Inside Report: Saudis vs. Brits
10/6/2001 12:00:00 AM - Robert Novak
WASHINGTON -- Saudi Arabia has sought President Bush's help in asking Britain for the return of alleged terrorist Mohammed Masari, a foe of the Saudi royal regime who has congratulated the perpetrators of the Sept. 11 attack on America.
Prince Bandar bin Sultan, the longtime Saudi ambassador to Washington, asked Bush for help in seeking Masari from the British. The president, in turn, discreetly broached the subject to Prime Minister Tony Blair during his recent visit to Washington.
According to diplomatic sources, Blair responded that British law prevented him from granting the Saudi request but added that he was trying to resolve the problem.
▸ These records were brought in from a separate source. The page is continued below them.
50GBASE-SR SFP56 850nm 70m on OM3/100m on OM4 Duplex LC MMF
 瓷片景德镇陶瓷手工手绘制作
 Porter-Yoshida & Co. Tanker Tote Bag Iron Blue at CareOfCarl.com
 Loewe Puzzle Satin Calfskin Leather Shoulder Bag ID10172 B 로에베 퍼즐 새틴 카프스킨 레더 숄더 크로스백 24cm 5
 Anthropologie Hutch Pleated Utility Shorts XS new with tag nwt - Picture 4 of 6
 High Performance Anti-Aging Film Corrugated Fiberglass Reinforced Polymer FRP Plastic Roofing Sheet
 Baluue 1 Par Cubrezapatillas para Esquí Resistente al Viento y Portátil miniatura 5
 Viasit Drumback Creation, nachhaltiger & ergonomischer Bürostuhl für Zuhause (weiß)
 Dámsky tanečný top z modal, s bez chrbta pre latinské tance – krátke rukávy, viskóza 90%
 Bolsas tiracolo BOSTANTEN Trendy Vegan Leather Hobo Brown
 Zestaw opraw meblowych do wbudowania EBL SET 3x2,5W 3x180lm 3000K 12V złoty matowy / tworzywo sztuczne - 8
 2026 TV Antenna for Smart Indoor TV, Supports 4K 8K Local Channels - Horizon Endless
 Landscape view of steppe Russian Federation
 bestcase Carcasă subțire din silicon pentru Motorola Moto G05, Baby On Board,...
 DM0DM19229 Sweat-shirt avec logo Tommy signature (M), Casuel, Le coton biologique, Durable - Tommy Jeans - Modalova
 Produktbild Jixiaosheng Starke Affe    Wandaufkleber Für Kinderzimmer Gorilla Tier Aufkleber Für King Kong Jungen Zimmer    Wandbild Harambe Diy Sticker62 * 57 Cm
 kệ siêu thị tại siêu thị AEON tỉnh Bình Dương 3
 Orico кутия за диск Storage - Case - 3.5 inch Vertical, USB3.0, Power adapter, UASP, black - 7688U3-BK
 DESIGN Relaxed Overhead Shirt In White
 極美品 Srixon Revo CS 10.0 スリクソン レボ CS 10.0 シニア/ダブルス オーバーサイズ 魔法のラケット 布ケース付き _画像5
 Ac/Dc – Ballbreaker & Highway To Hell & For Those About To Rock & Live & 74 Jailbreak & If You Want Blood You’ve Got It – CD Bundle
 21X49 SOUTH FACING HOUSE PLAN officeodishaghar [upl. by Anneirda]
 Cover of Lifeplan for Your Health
A British government attempt to deport Masari failed in 1996. No country has more fully subscribed to Bush's war against terrorism than Britain, while Saudi Arabia has been accused of a half-hearted effort.
The weekly meeting of Republican whips last Wednesday erupted in opposition to the Democratic plans for hiring 30,000 federal workers to handle anti-terrorist security at American airports.
Leading the opposition of the whips were Reps. J.D. Hayworth and John Shadegg of Arizona, Todd Tiahrt of Kansas and Sonny Callahan of Alabama. They contended that federal certification of airport security workers would be adequate and that Democrats are pressing for 30,000 new government union workers to buttress a basic element of their party's strength.
President Bush has indicated to House Democratic Leader Richard Gephardt that he could accept the federalized workers as part of the airport security bill. The grumbling extends to the top levels of the House Republican leadership.
EDUCATORS FOR SECURITY
With one industry after another following the airlines in quest of federal bailouts, the school lobby is the latest group to try to take advantage of the Sept. 11 attacks by tapping the federal treasury for more money.
The AFL-CIO and other organizations are demanding an additional $1.6 billion for school repairs. A liberal pressure called the Committee for Education Funding has sent a letter to Congress contending that more school money "will be crucial for strengthening our national security."
A footnote: In private conversations, AFL-CIO President John Sweeney tongue-lashed Democratic leaders for not providing sufficient help to workers who have lost their jobs because of post-Sept. 11 economic complications. He complained that corporate America is being taken care of after the terrorist attack but not the workers.
ETHANOL AND ENERGY
Senate Majority Leader Tom Daschle is being pressed to permit Senate consideration of President Bush's energy bill if he wants ethanol subsidies to help Midwestern Democratic senators seeking re-election.
More aid to produce ethanol, a derivative of corn, can help Democratic Sens. Tom Harkin and Tim Johnson, who face spirited Republican challenges in 2002 in Iowa and South Dakota, respectively. But Republicans are insisting that ethanol be twinned with the Bush energy program, including drilling in the Arctic National Wildlife Refuge (ANWR).
Support for a vote on energy legislation is also coming from Democratic Sens. Zell Miller of Georgia, Tom Carper of Delaware and Ben Nelson of Nebraska.
SHOWDOWN IN MONTANA
Sen. Max Baucus, chairman of the Senate Finance Committee, may after all face a re-election struggle next year in Montana against the strongest possible Republican challenger: former Gov. Marc Racicot.
All year long, Racicot has resisted entreaties from his good friend President Bush to run for the Senate. After many years in politics, he insisted that he must provide for his family and is now working in a big-time Washington law firm. However, Republicans in Montana are pressing him, and Racicot could succumb early next year and decide to run. Baucus goes to the top of the Democratic worry list, if Racicot becomes a candidate.
After pressure from Bush, Rep. John Thune agreed to run for the Senate in South Dakota instead of becoming a candidate for governor as he originally planned. Republican takeovers in Montana and South Dakota could change control of the Senate.